[Task to complete]
Every entry is to be copied exactly as written, and the pictures are to be skipped.

[Exercise input]
--- START ---
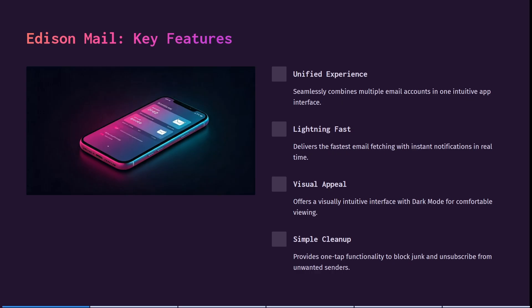So let's have a look at Edison Mail now and their key features. You can see it seamlessly combines multiple email accounts in one intuitive app interface. This is really nice because you can manage multiple email addresses in one space without having to move from app to app.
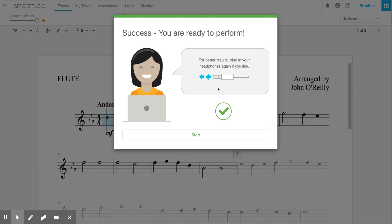If that's what you see, you can stop watching this video. Your microphone is calibrated, you are all done. If not, let's see what happens.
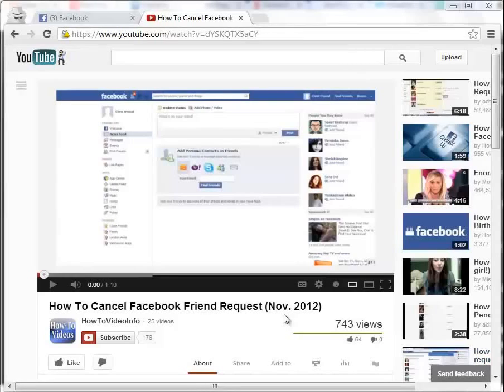How to post a YouTube video to Facebook. If you want to post a YouTube video to Facebook, there are a couple ways that you can do this, and we're going to go through them now.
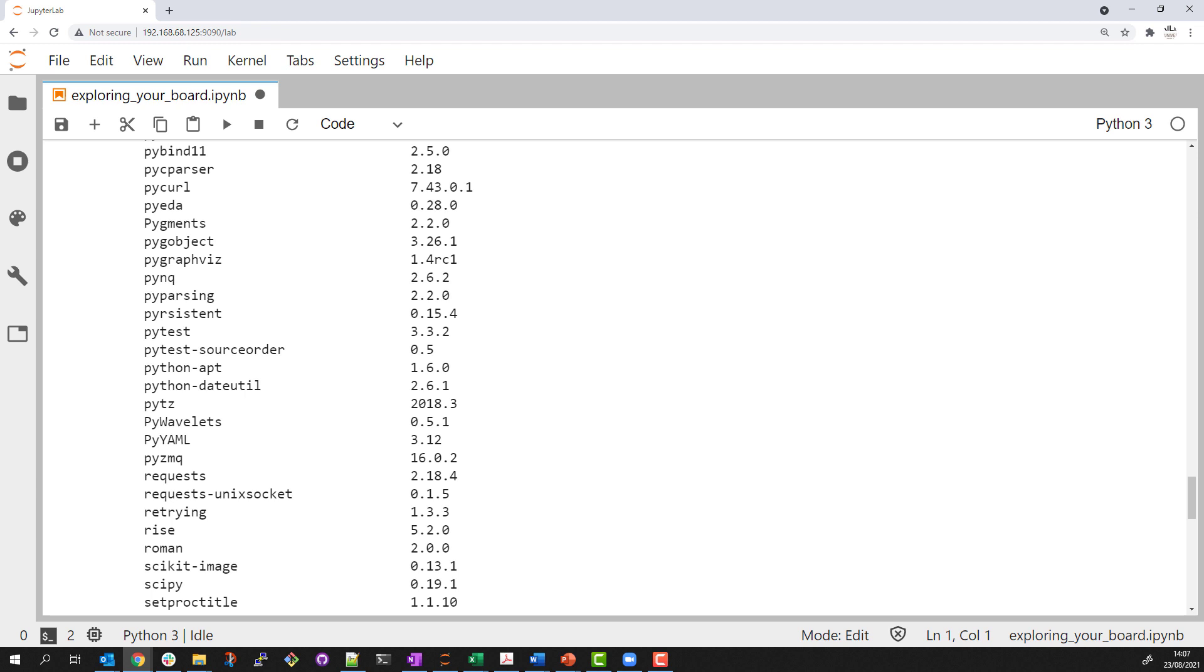This concludes the example which mainly showed how to call OS commands from a notebook and pass them to the OS shell. We also explored some information about the Python installation.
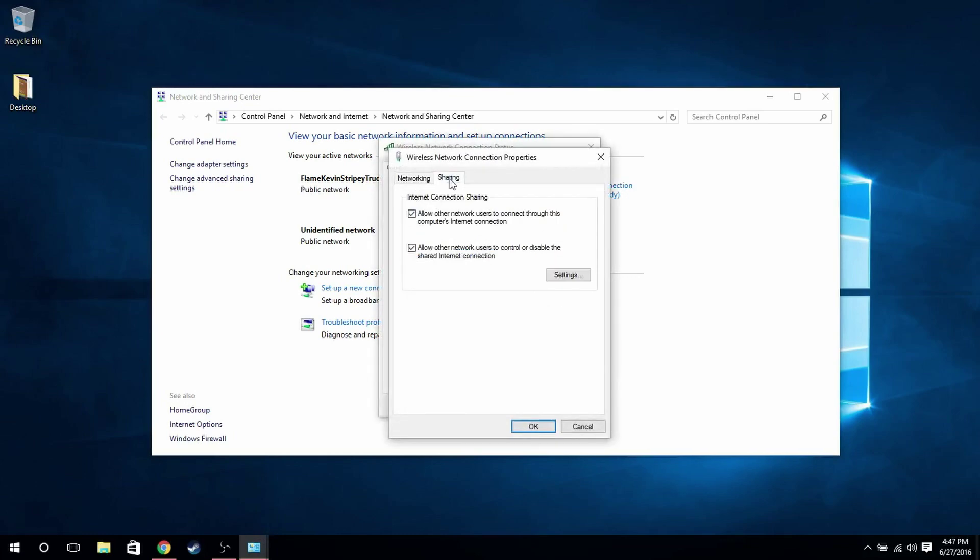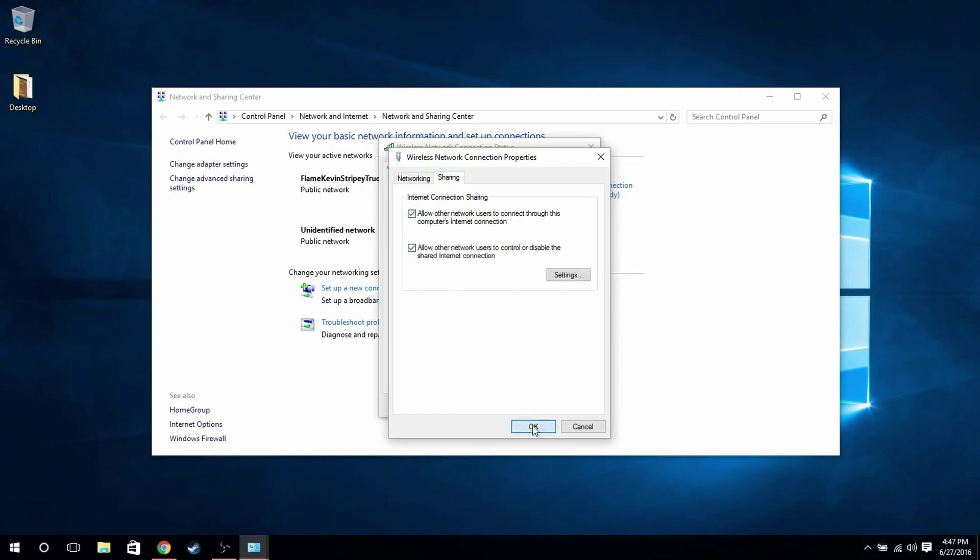and then under the Sharing tab, there will be this checkbox that will be unchecked by default. Just check it, make sure that one's also checked, click OK.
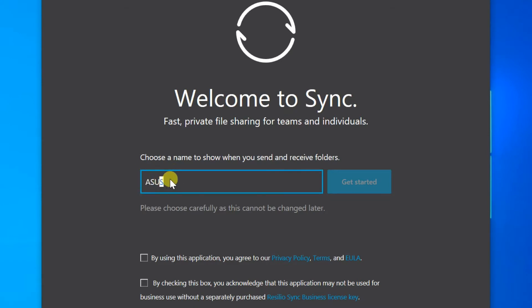Actually this is like a virtual PC. Enter any name here. Tick to agreement below and get started.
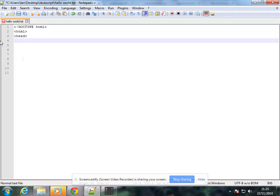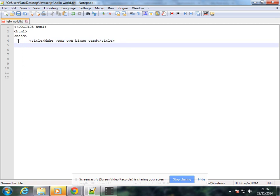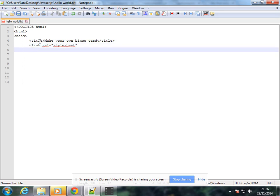We are going to get the head and then get it tighter. We are going to put it on.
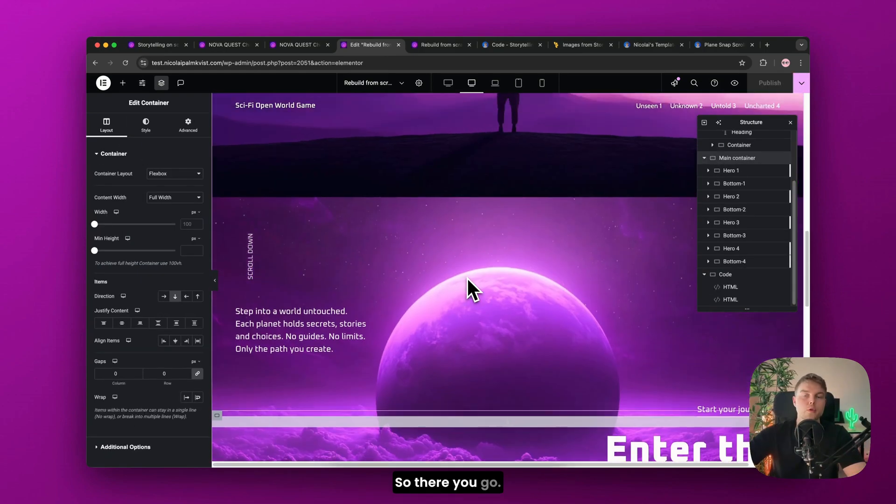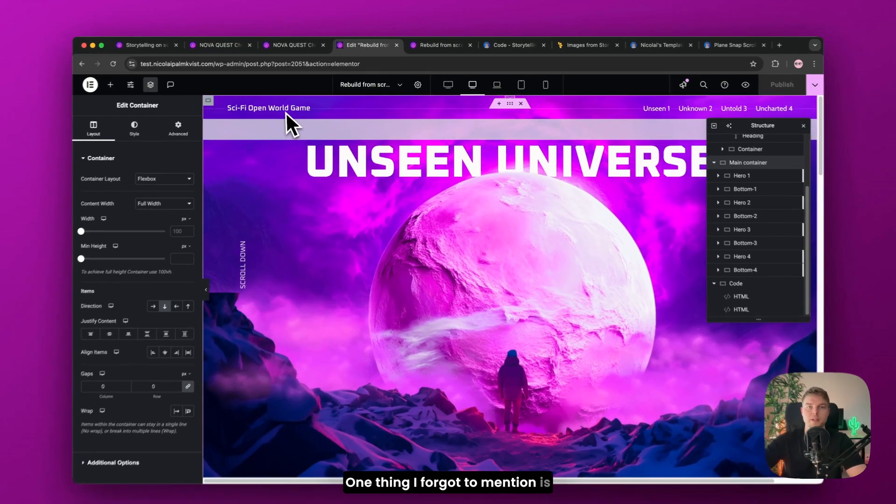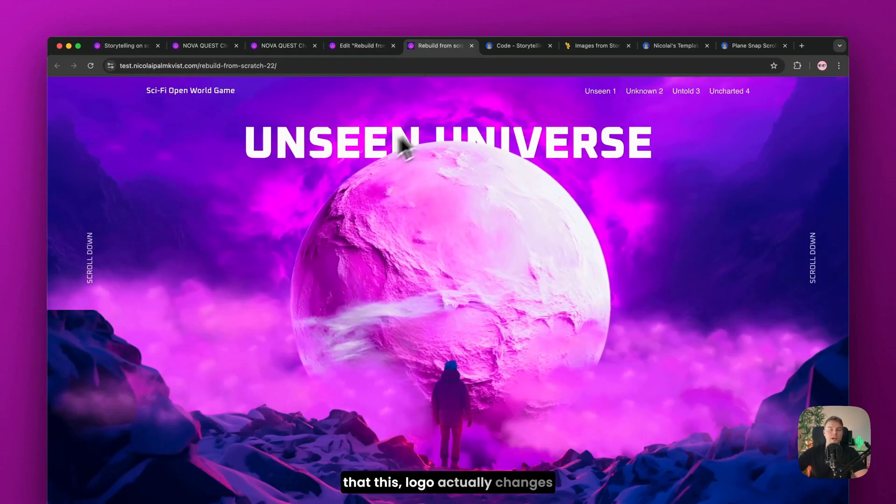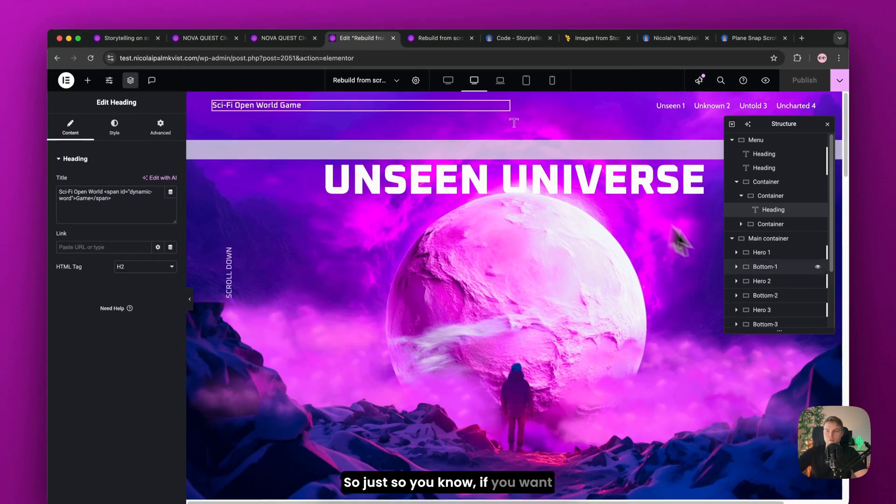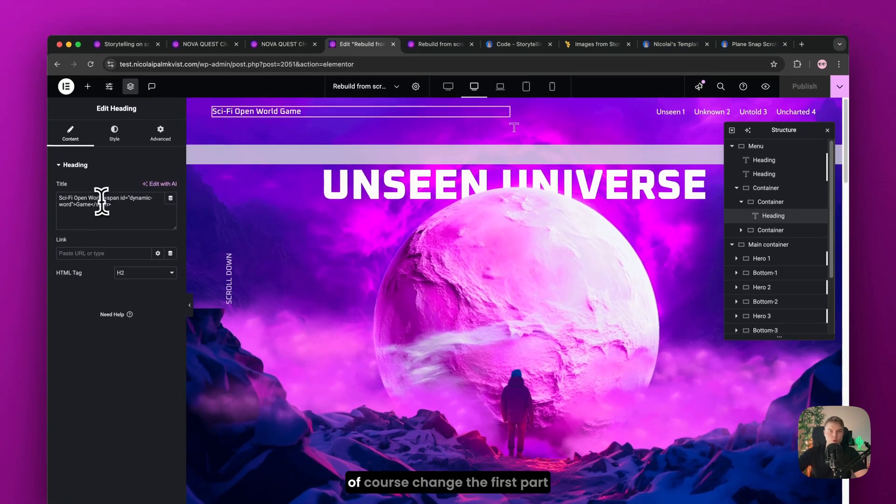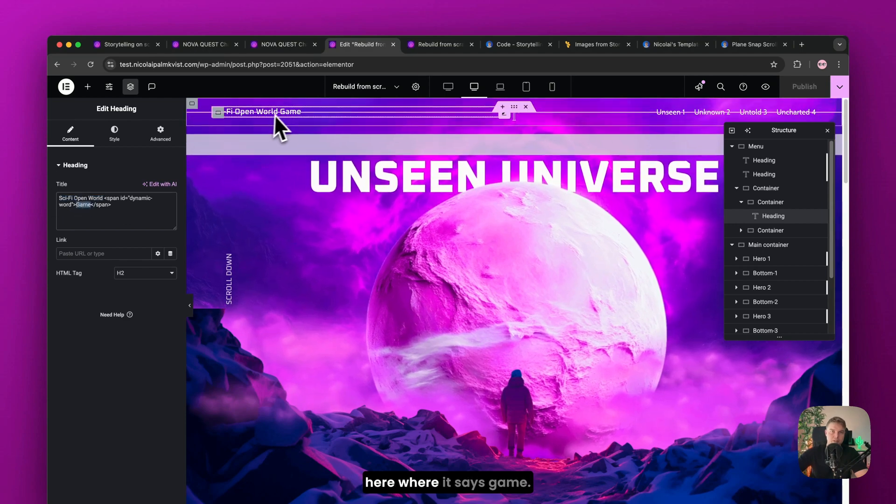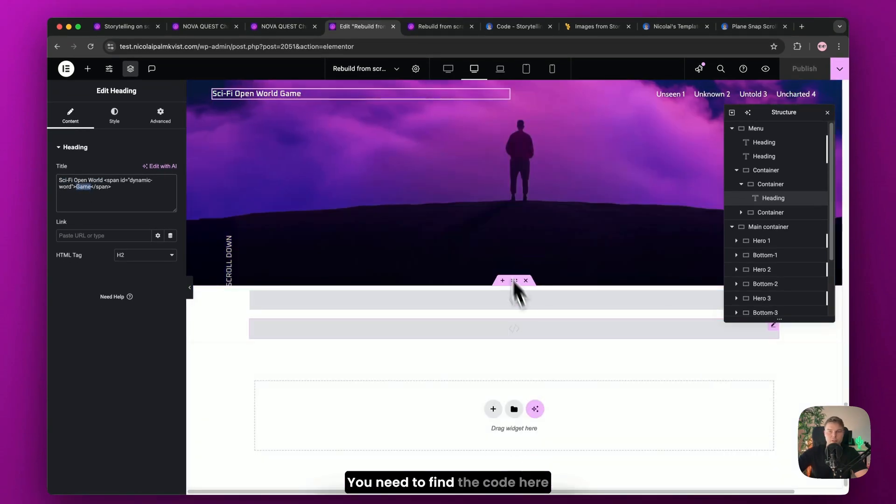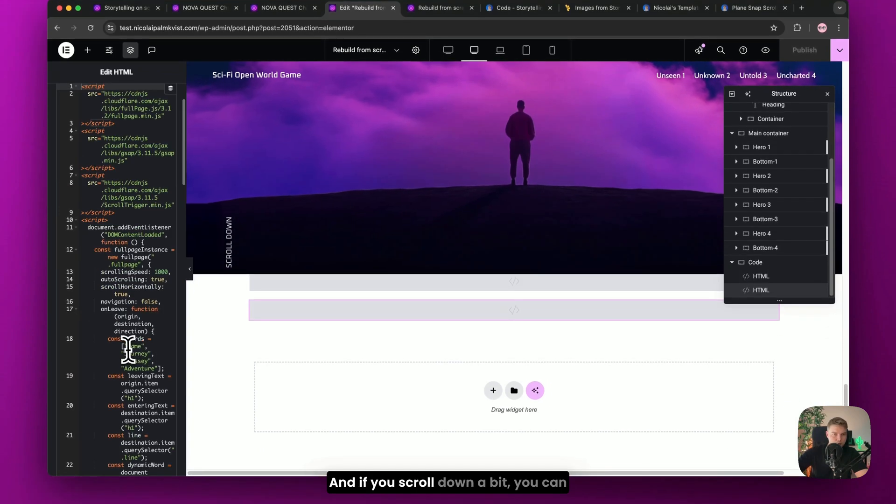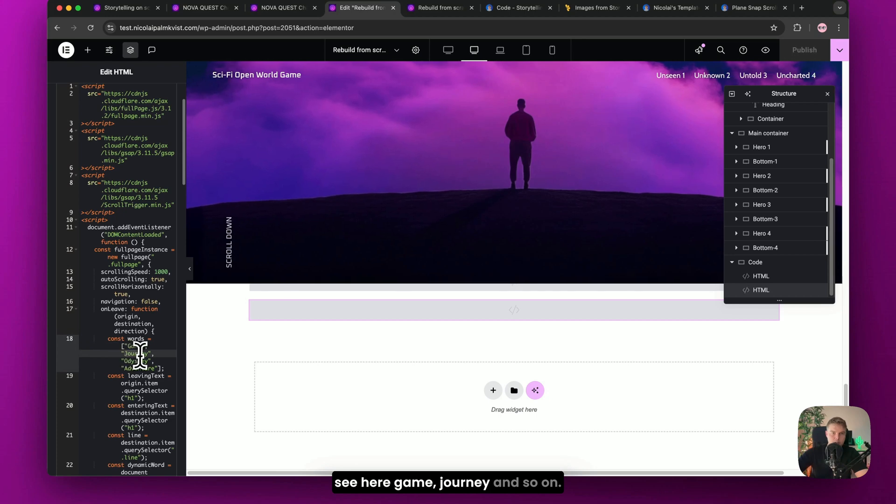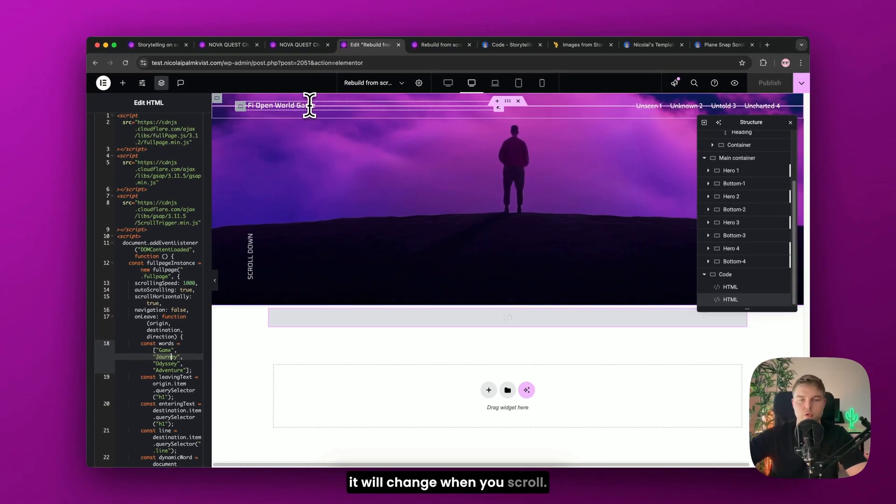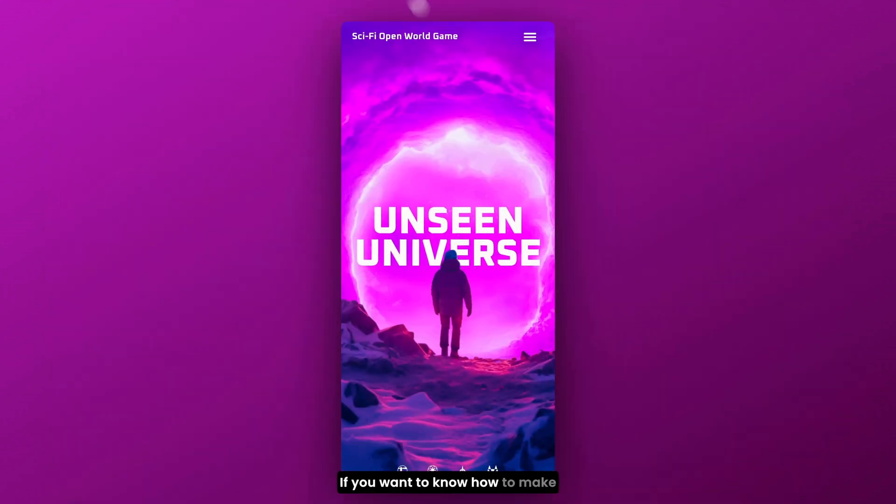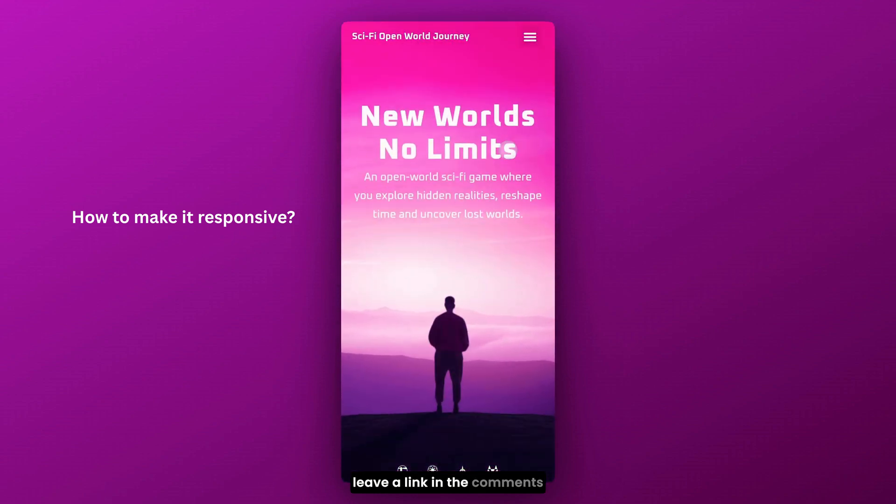Great. So there you go. That's the first part of the project. One thing I forgot to mention is that this logo actually changes every time I scroll down. So just so you know, if you want to change these words, you of course change the first part up here. And the last part here where it says game. You need to find the code here at the bottom. The last code. And if you scroll down a bit, you can see here game journey and so on. So just change these words. And then it will change when you scroll.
--- END ---
[Answer for the task]
So let's have a look at Edison Mail now and their key features. You can see it seamlessly combines multiple email accounts in one intuitive app interface. This is really nice because you can manage multiple email addresses in one space without having to move from app to app.
If that's what you see, you can stop watching this video. Your microphone is calibrated, you are all done. If not, let's see what happens.
How to post a YouTube video to Facebook. If you want to post a YouTube video to Facebook, there are a couple ways that you can do this, and we're going to go through them now.
This concludes the example which mainly showed how to call OS commands from a notebook and pass them to the OS shell. We also explored some information about the Python installation.
and then under the Sharing tab, there will be this checkbox that will be unchecked by default. Just check it, make sure that one's also checked, click OK.
Actually this is like a virtual PC. Enter any name here. Tick to agreement below and get started.
We are going to get the head and then get it tighter. We are going to put it on.
Great. So there you go. That's the first part of the project. One thing I forgot to mention is that this logo actually changes every time I scroll down. So just so you know, if you want to change these words, you of course change the first part up here. And the last part here where it says game. You need to find the code here at the bottom. The last code. And if you scroll down a bit, you can see here game journey and so on. So just change these words. And then it will change when you scroll.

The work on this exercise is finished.